What Exactly Makes “Bad” Code Bad?

by Jason Swett,

As programmers we often talk about “bad” code. But in all my 20+ years of programming I’ve never once heard someone define exactly what bad code is.

I find this unfortunate because saying code is “bad” is actually meaningless, especially to a non-technical manager. If a non-technical person hears me say that our code is “bad”, they might believe me, but they won’t understand what it means for the code to be bad or what it would take to make the code good.

If we can put our finger on exactly what we mean when we say “bad code”, maybe it will help us go from sounding like we’re complaining about the code to getting on the path to making the bad code good.

So I’m going to try to define what bad code means.

My definition of bad code

Bad code is code that is risky and/or expensive to change.

Let me break that down.

What does it mean for code to be risky to change?

Have you ever been scared to deploy a code change to production? I have.

What exactly are we afraid of when we’re afraid to deploy a change? Basically, we’re afraid of introducing a regression. If the code we’re working on is hard to understand, then that means we don’t understand the implications of our changes. That means that all the carefulness in the world can’t protect against accidentally breaking some part of the application when we make a change.

Consequently, we cause problems for customers. We cause customers to lose money. We make customers frustrated with our employer’s product. We make everyone trust the development team less. These are all genuinely bad things. If a codebase is sufficiently hard to understand that it poses these risks to the development team, then I would say that that code is bad.

What does it mean for code to be expensive to change?

The cliche that time is money is true. The longer it takes a developer to be able to understand a system, the more expensive that system is to maintain.

In addition to “bad code” another term that gets thrown around to the point of meaninglessness is “maintainability”. We often talk about code being “maintainable” or “unmaintainable” but rarely talk about what exactly that means. Another way to say the same thing would be to say that code has a low cost of maintenance or high cost of maintenance.

This is true of not just code but all parts of a system. If we use unclear variable names, convoluted database schemas, or methods and classes that are too big to quickly and easily grasp, then future maintainers of our system will have to spend more time (which means more money) to be able to understand the system.

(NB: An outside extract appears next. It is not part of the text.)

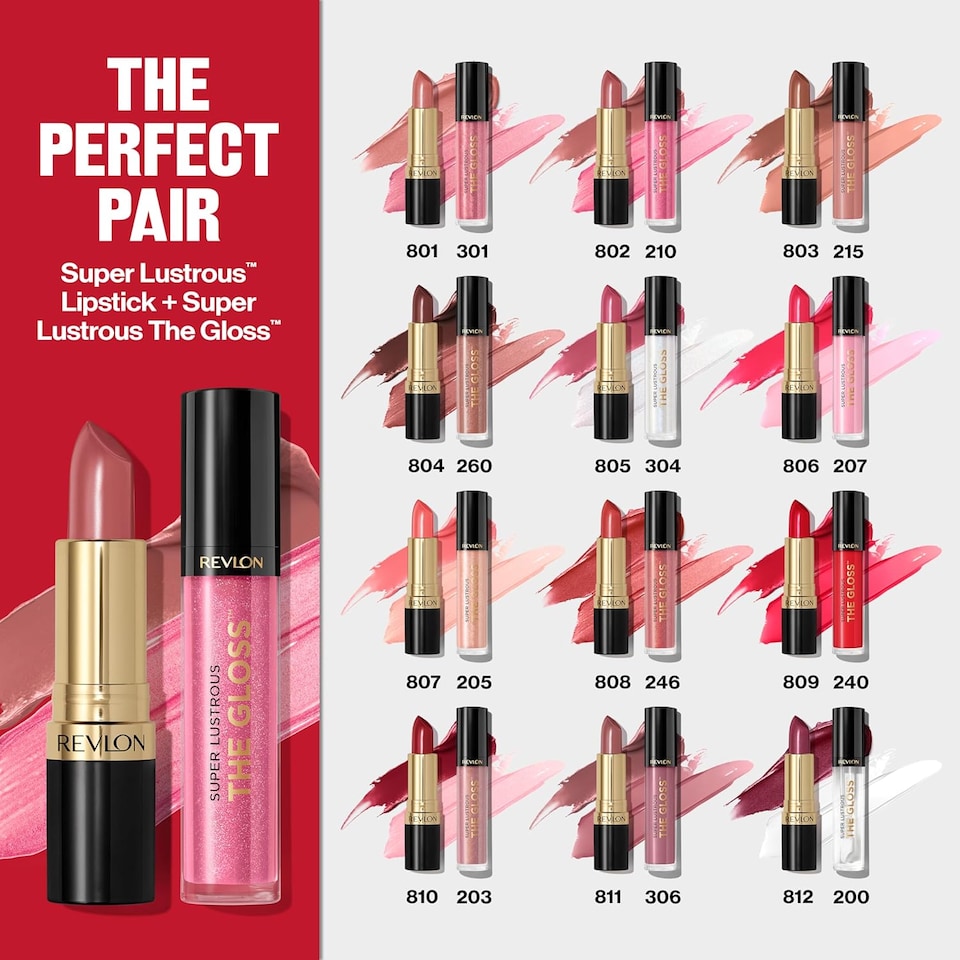 image 1 of Revlon Super Lustrous Lip Gloss, Sky Pink High Shine Finish Hydrating Lip Color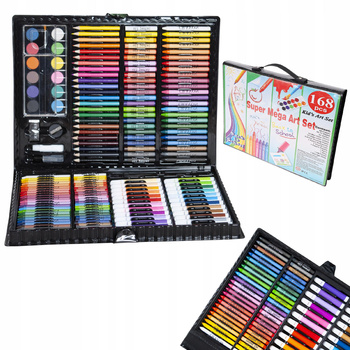Zestaw Artystyczny do Malowania Walizka 168 elementów dla dzieci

The reason I’m talking about understandability is because in order to confidently change code, you first have to understand it to some extent. Have you ever made a one-line change that took literally three seconds to make but then spent 30 minutes studying the code and testing your work because you weren’t sure you understood the implications of your change? The longer that “studying and testing” period, the more expensive the code is to maintain.

What this has to do with testing

My website and podcast are all about testing. Why do I find it important to talk about the definition of “bad code”? What does that have to do with testing?

If bad code is code that’s risky or expensive to change, testing can help make it less risky and less expensive to make changes. Here’s why.

First, testing can aid a developer in making code more understandable. Testing forces us to write code that’s more modular and loosely coupled than what would be allowed if we wrote our code without tests.

Testing can also help mitigate the risk of changing code. If we have a decent suite of tests covering our application, and our tests all pass after we introduce a change, we can have reasonably high confidence that our change didn’t introduce a regression.

I said that testing can help us write more modular and therefore more easily understandable code. The tests themselves can also aid our understanding of the code. If it’s not clear to me what a certain class or method is supposed to do, I can look at the tests for that class and see what the tests say the code is supposed to do.

Lastly, tests enable refactoring. If I know that a piece of code is sufficiently covered by tests, I now have the freedom to change the structure of the code to make it more easily understandable. I can change the variable names, class names and method names to something more meaningful. I can break down big classes and methods into smaller, more understandable ones.

Is it possible to have great test coverage and still have bad code? Absolutely. But at the same time, tests are a powerful tool that can help obliterate bad code.